/h1b-analysis

Big Data Analysis on H1B using Hive and Hadoop Map Reduce

Primary LanguageJava

H1B Analysis

Unit 1 is in folder etl_code directory

Unit 2 is in folder /profiling_code directory

Unit 3, 5, 6 is in folder /code_iterations directory

Unit 1 data clean - 2 source

source 1 Minkang Yang - 2006 - h1b.txt

Step 1: Download data from http://www.flcdatacenter.com/CaseH1B.aspx -> Discontinued Systems -> H-1B Efile Data -> 2006(choose txt file) -> name it h1b.txt

Step 2: Run Mapreduce from code in folder step1-clean/(make file, run file, check file included) on h1b.txt. The result would be tab seperated 12-column file.

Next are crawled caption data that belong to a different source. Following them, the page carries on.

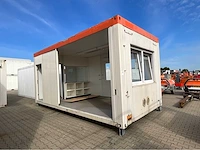 2012 kleusberg solid typ 3/4 modulaire kantoorunit - afbeelding 2 van  7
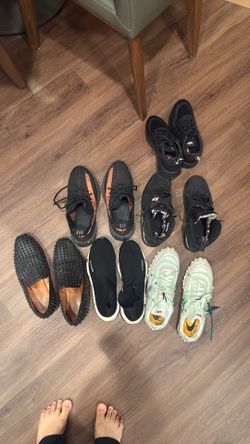 Size 12 designer shoes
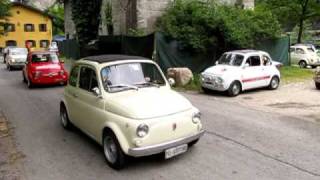 preview picture of video '3° Raduno Fiat 500 - Fontaniva (PD) - 30/05/2010 - I Parte'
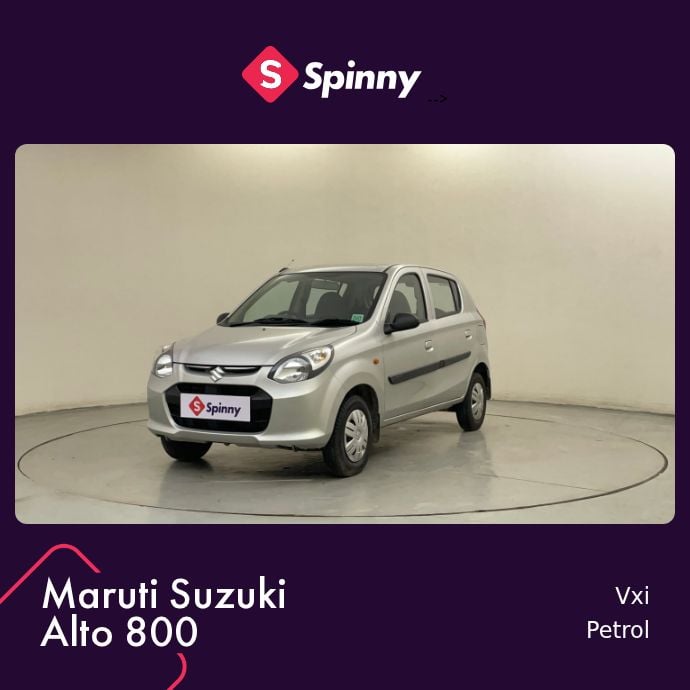 2013 Maruti Suzuki Alto 800 Vxi 2013 Maruti Suzuki Alto 800 Vxi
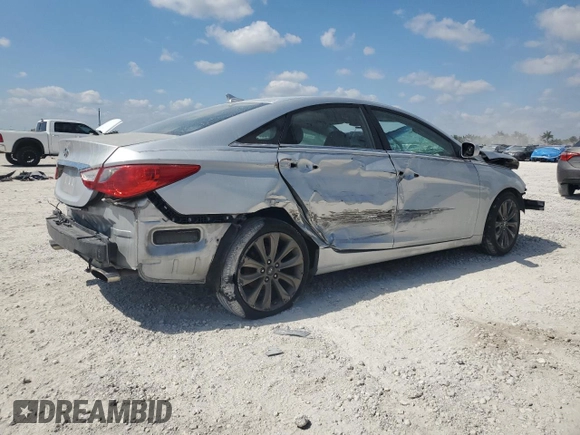 2011 Hyundai Sonata Limited with VIN 5NPEC4AC8BH118199, listed as a Copart auction lot 53072545 with Not Provided miles and Non Repairable. Bid and sale history available at DreamBid. Image 3.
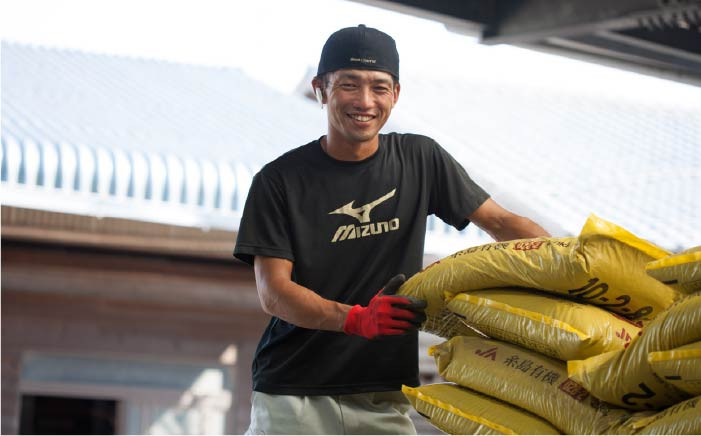 九州 福岡 糸島 米 お米 ご飯 栽培期間中 農薬不使用 10キロ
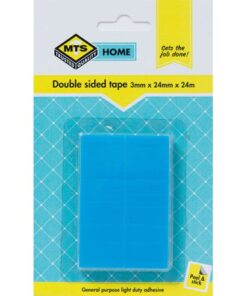 MTS Home Double Sided Tape 3mmx24mmx24mm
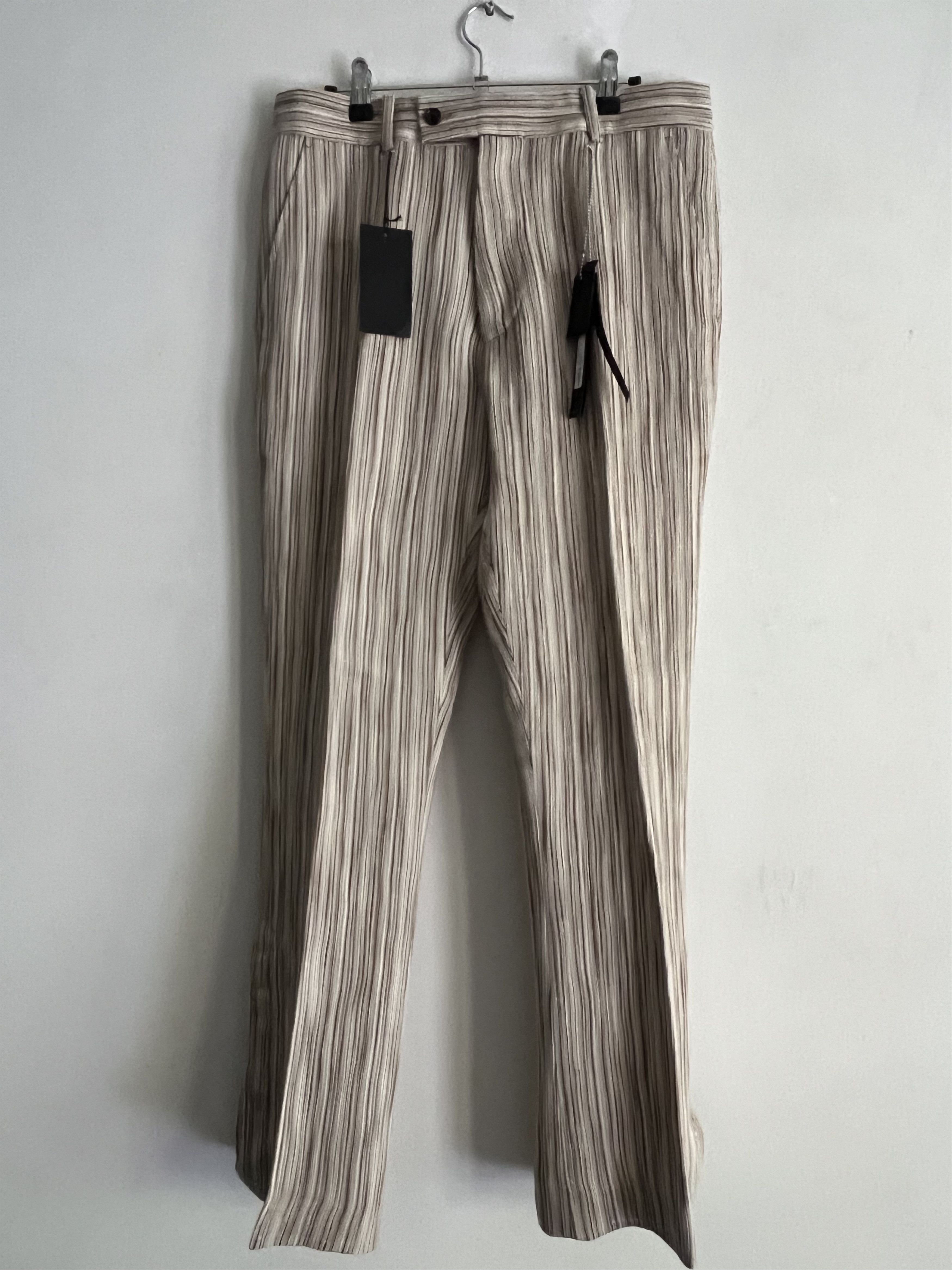 Amiri Stripped Suite or Single Size 44R - 13 Thumbnail
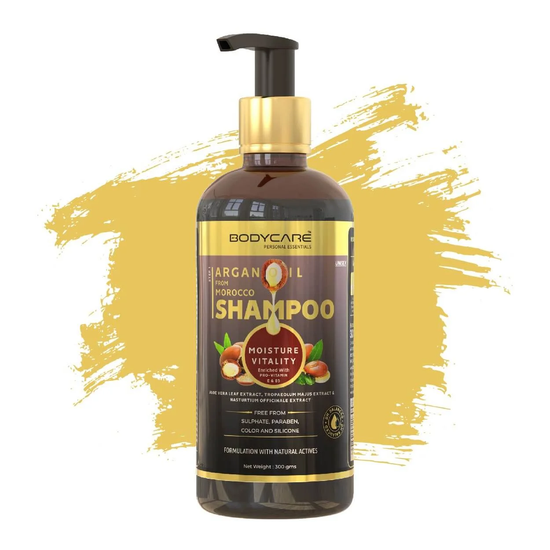 Argan Oil Shampoo Salmon Jason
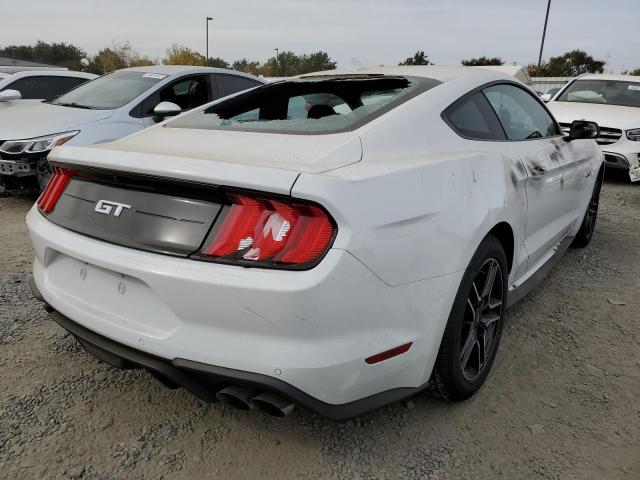 1FA6P8CF0M5155232 - 2021 FORD MUSTANG GT WHITE photo 4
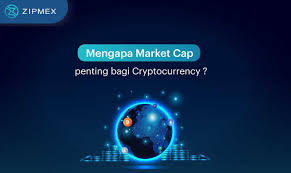 This is an important metric, because it's what we most often use to rank and determine investment interest and relative size in. Mengapa Market Cap Penting Bagi Cryptocurrency Zipmex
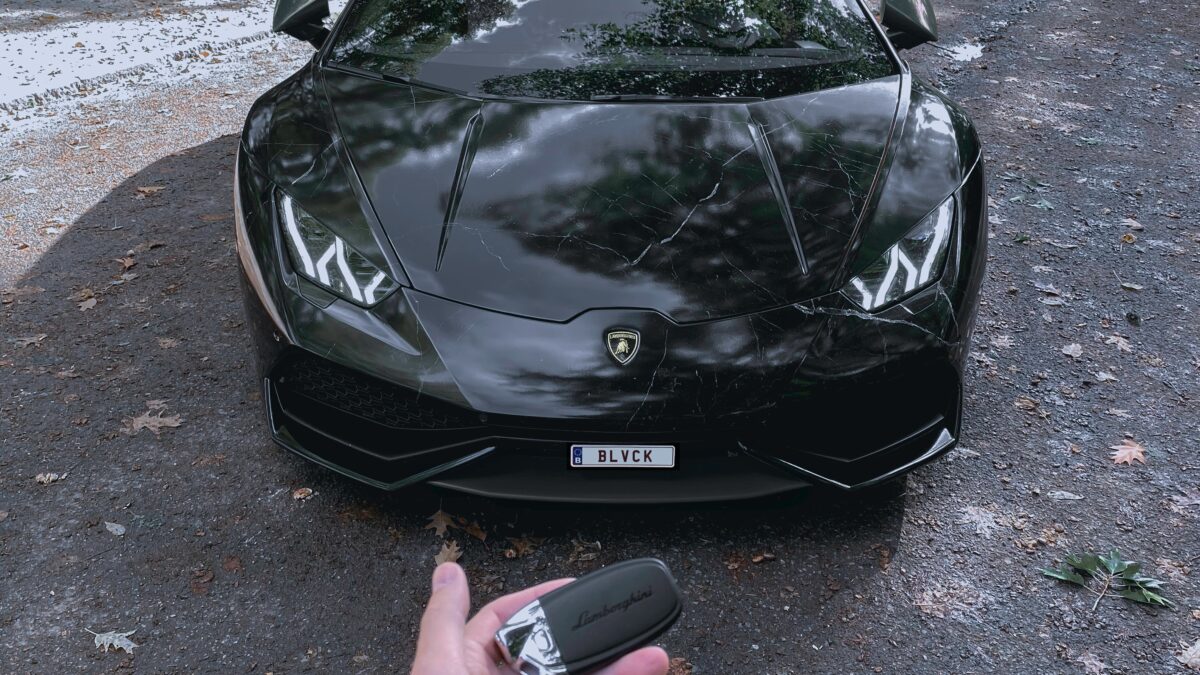 Lamborghini Test Drive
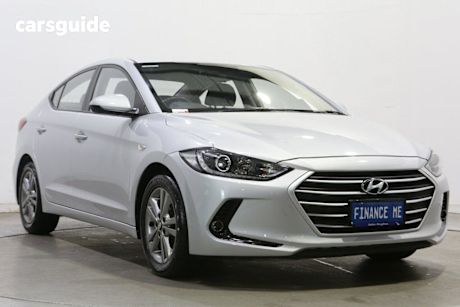 Silver 2019 Hyundai Elantra Sedan ACTIVE F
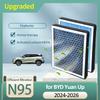 Угольный воздушный фильтр для BYD Yuan Up S1 Pro 2024 2025 2026 Фильтр кондиционера Автомобильные аксессуары Автозапчасти Инструмент Транспортное средство
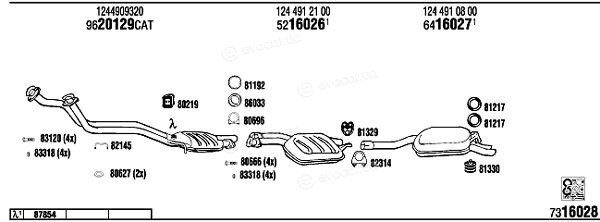 Walker / Fonos MB28010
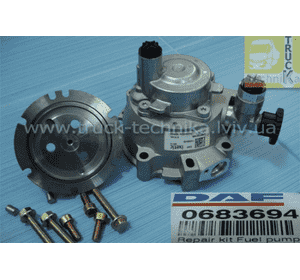 Паливний насос низького тиску DAF Паливний насос низького тиску DAF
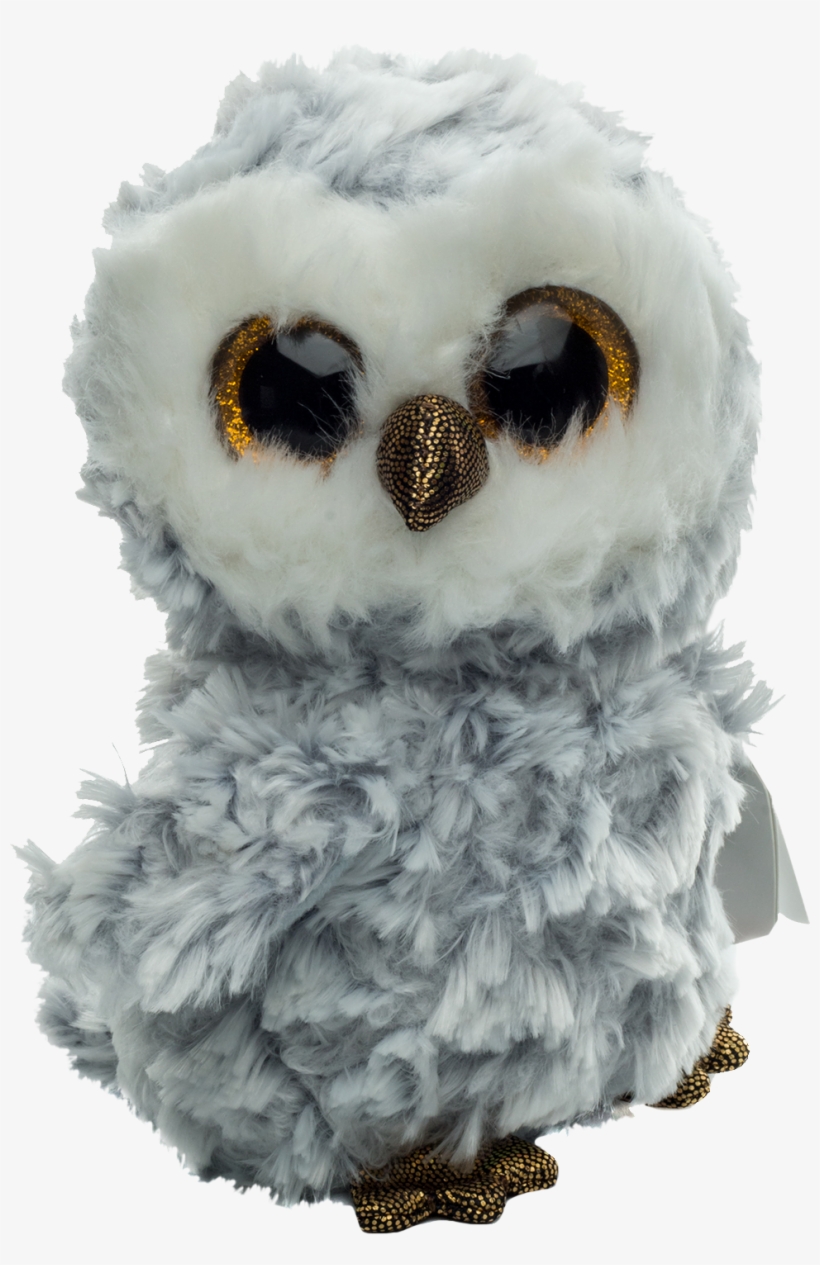Owlette The White Owl 6” Plush - Snowy Owl, transparent png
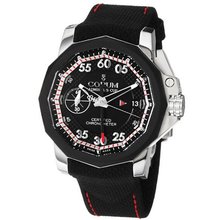 Corum 96110104/F231AN Admiral Cup Black Rubber Strap
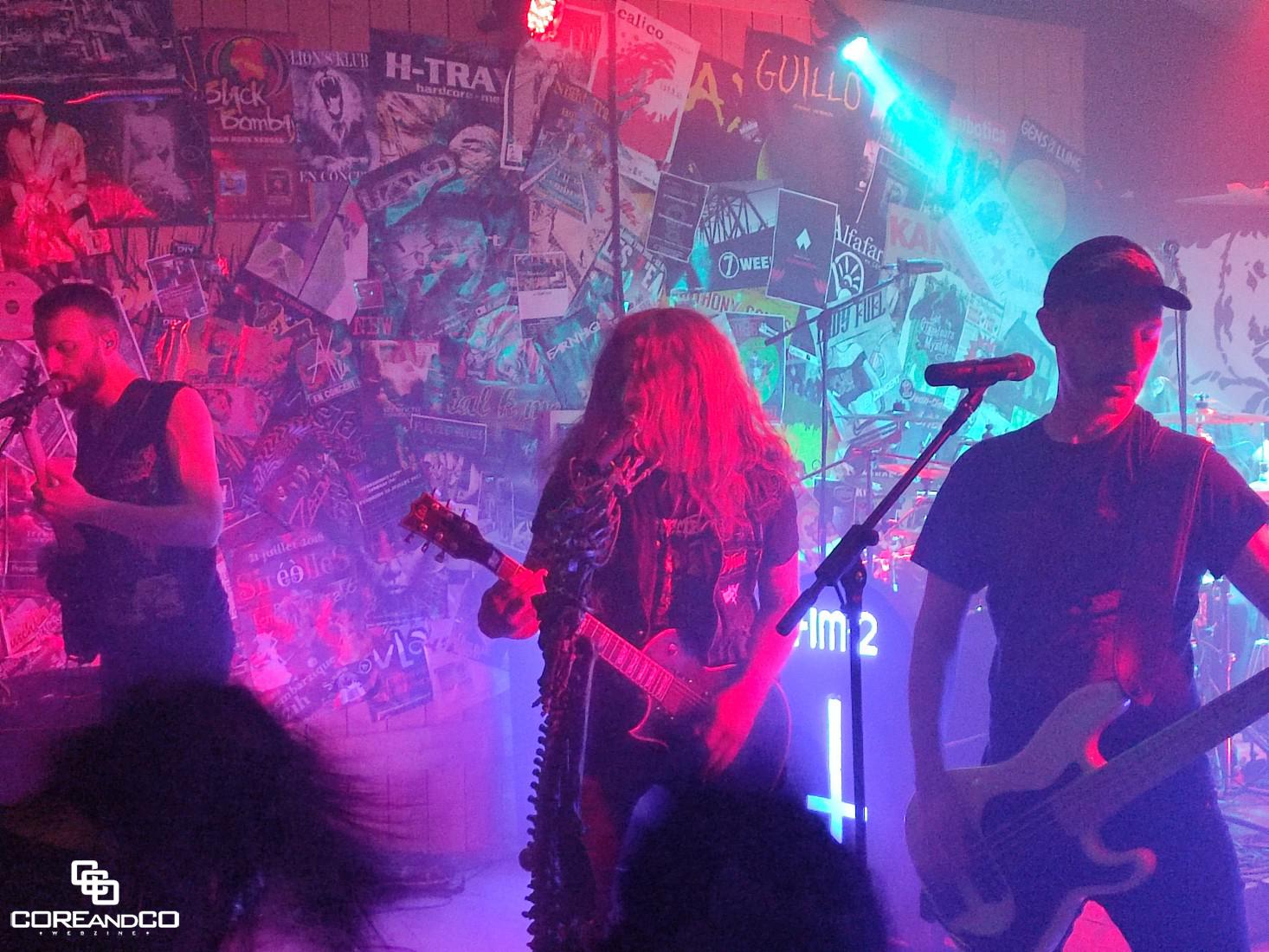 Recueil Morbide + Iron Flesh + Corporal Punishment (fr) - Lembarzique Café  / Lembras (24) - le 10/03/2023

The result is under hdfs dfs /user/my1843/project/clean/part-r-00000 -> rename to /user/my1843/project/clean/part1

source 2 Yubing Bai - H-1B_FY2018.xlsx

Step 1: Data source is from https://www.foreignlaborcert.doleta.gov/performancedata.cfm -> Disclosure Data -> H-1B_FY2018.xlsx

Step 2: Run Mapreduce from code in folder step1-clean/(make file, run file, check file included) on h1b.txt. The result would be tab seperated 12-column file. The result is under hdfs dfs /user/yb1059/project/cleanOutputUpdate -> rename and move to /user/my1843/project/clean/part2

Unit 2 Profile

Minkang Yang - under folder unit2-profile-source1

result is resonable

Yubing Bai - under folder unit2-profile-source2

result is resonable

Unit 3 Merge 2 source

step 1: put two file under the same folder, called hdfs dfs /user/my1843/project/clean/

step 2: run a hive command to create table merge the 2 sources into one table -> name it data20 . see command under folder unit3-merge2source/ for detail

Unit 4 Industry Categorize

step 1: create table from data20, select only employer_name, job_title -> name it employer_name_job_title.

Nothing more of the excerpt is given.